There’s also very little acknowledgement of how things work in Canada. The show seems to use CSIS as some kind of fill in for the FBI (or the ever-popular Homeland Security), but the RCMP should be all over this. And this isn’t the only example - in Second Degree Julian is found not guilty in court and, in response, the mayor promises an investigation into the judge who made the decision. Now, we’re all no strangers to politicians making grandiose boasts they can’t back up - but the judiciary is far outside of a mayor’s jurisdiction; at best it’s a provincial or even a federal matter.

And, of course, there’s Dillon and how he runs his police force. And the “his” there is appropriate. Despite being made to step down by the powers that be in the beginning of the series, he is not only reinstated, but he becomes a supreme ruler. He hands his police over to Escher, lock stock and barrel - he overtly states they have been privatised, he openly takes money from Escher which is so beyond illegal that even the most corrupt of police forces would boggle. The media, when they do catch wind of this (though it takes them an awfully long time and the Liber8 hack to achieve this - which is dubious because it’s a rare media that doesn’t have at least a few journalists keeping an eye on the public budget) it barely causes have an episode of trepidation - let alone the full investigation it should do.

Dillon has no oversight, he follows no laws, he is happy hacking into anything, ordering people followed for no reason - and even torture and killing of people at his say so. Not only does he have no-one above him to answer to (especially when you consider he was stripped of his position for incompetence) but the closest we have to any of his officers challenging this is Carlos’s hand wringing. No cop questions him, either his privatisation plans or his torturing people, let alone reports it. Why is this precinct an island? Where are the rest of the city - of the province’s oversight.
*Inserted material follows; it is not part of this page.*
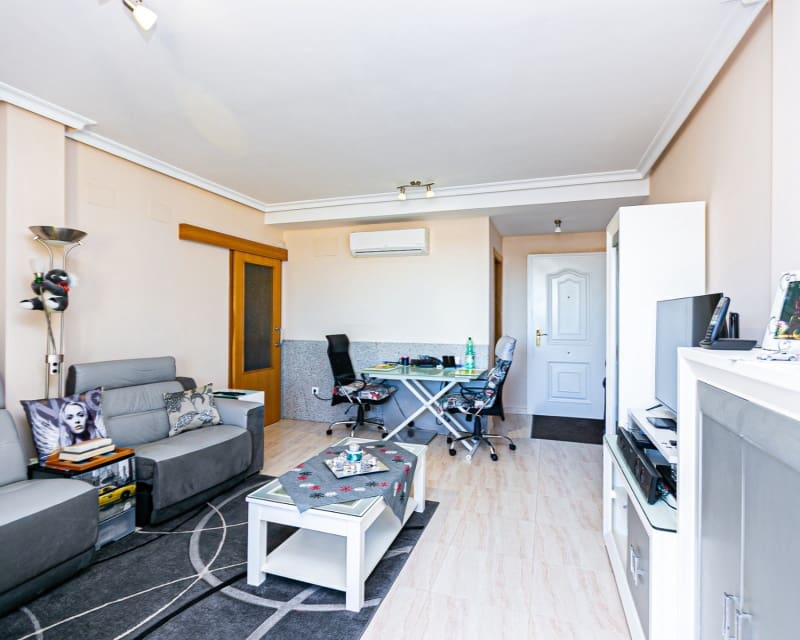 2 soverom Leilighet til salgs i Cabo Roig med svømmebasseng - € 174 900 (Ref: 9626761)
He had 2 CSIS agents hanging around for some time - did neither of them notice anything?

Perhaps some of this could be explained by showing Escher managing to corrupt the provincial government to an epic degree - but we’re not shown anything remotely resembling that kind of power. In all, it just doesn’t wash. It isn’t believable and it is more than playing fast and loose with the setting.

I can imagine more than a few people are stepping forward to protest that this is fiction. That it doesn’t matter. That we’re nitpicking. But it does matter - apart from anything else it’s blatantly lazy writing; rather than make the effort to take an actual setting and make the story fit it and be part of it, the writers twist the setting however they see fit to shoe-horn their story into it. And not just lazy writing - it damages the story. I want to believe Kiera and her story, but it’s hard to do when I’m snarking over Canadian police happily handing badges over to any random foreigner who claims to be police, honest guv. They break the suspension of disbelief with glaring errors, massive plot holes and a world setting fraying around the edges

It also represents the pervasive dismissal that so often plagues speculative fiction. It doesn’t matter, it’s speculative fiction; it doesn’t have to make sense, it’s speculative fiction. It doesn’t need to be criticised, it’s speculative fiction. It doesn’t need to be well written, it’s speculative fiction. There’s the strong undertone that people who are fans of sci-fi, dystopian, fantasy etc will swallow just about anything, so why does it matter if the plots make sense, the world setting is realistic and researched or the whole thing is solidly written?

It’s that dismissal that not only causes a considerable amount of annoying contempt for the genre - but also prevents the genre being subject to the analysis and critique it needs to grow and change. This is especially true when erasure of minorities is one of the most common ways settings are poorly represented in the genre.